== Problem requirements ==
Retype the material that follows exactly, limited to the lines from the one with "Building Photo - 523 Oak Ave" through the one with "FIFA ra án phạt", and keep out all pictures.

== Input for this task ==
_ _ _ _ _

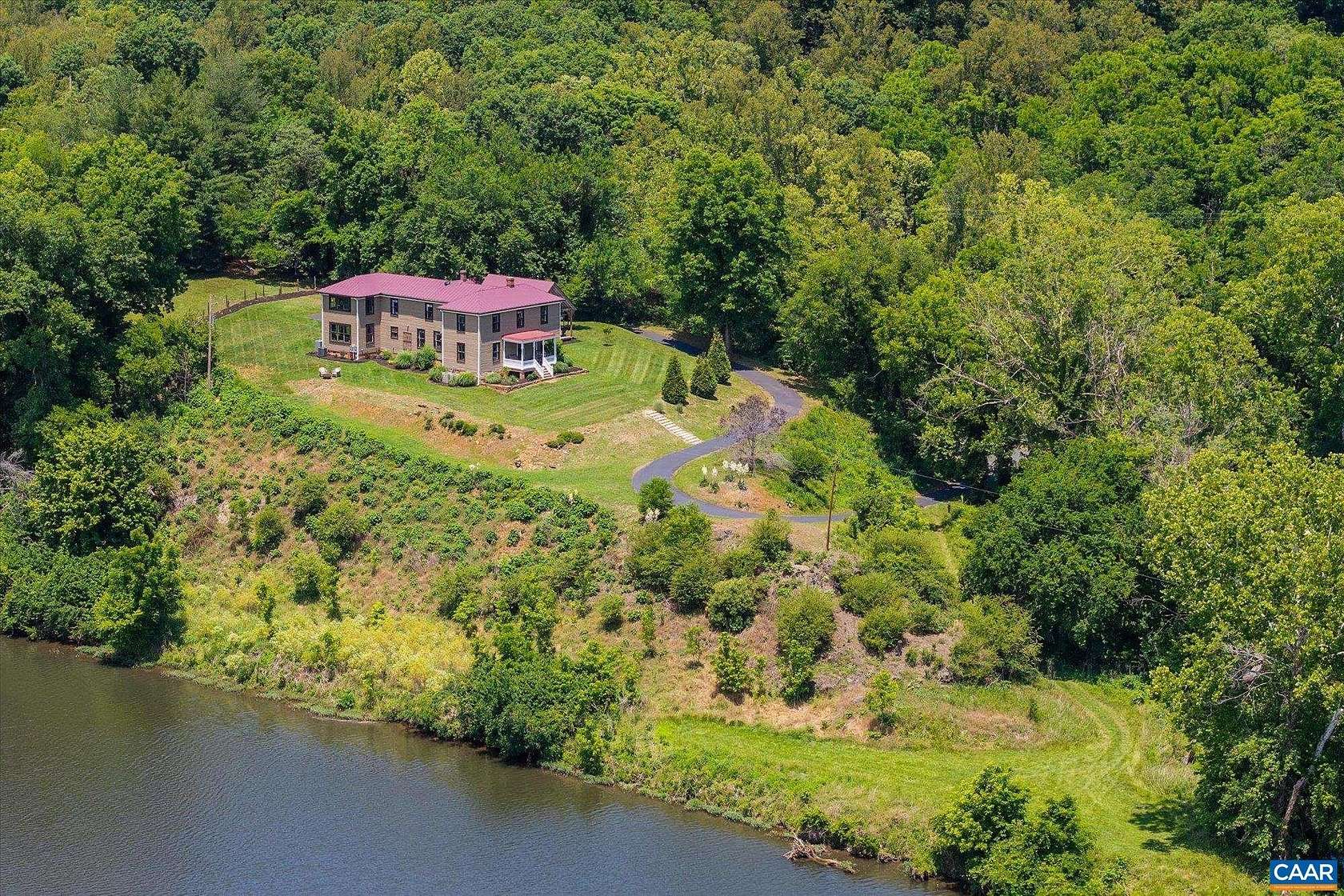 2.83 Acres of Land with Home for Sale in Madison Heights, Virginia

_ _ _ _ _

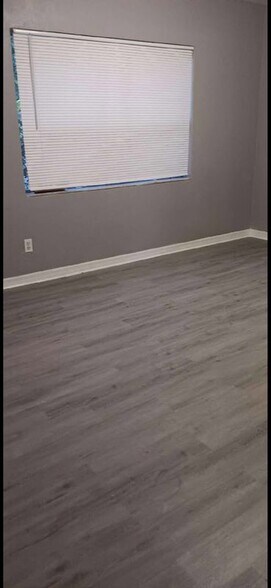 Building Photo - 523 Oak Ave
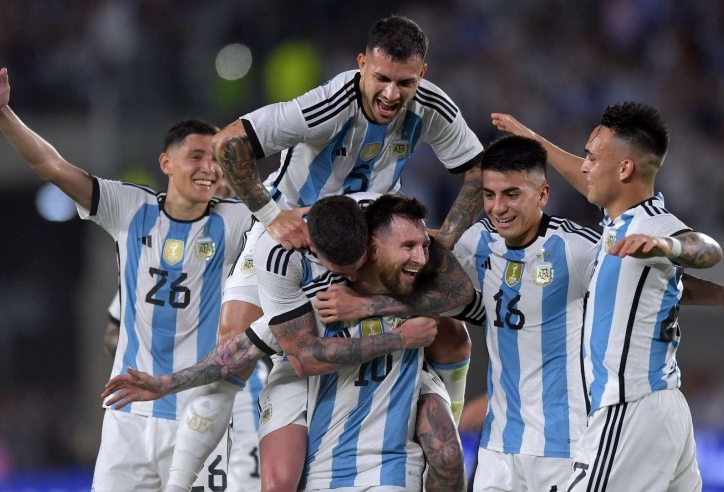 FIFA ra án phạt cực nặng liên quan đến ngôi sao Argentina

_ _ _ _ _

== Output for this task ==
 Building Photo - 523 Oak Ave
 FIFA ra án phạt cực nặng liên quan đến ngôi sao Argentina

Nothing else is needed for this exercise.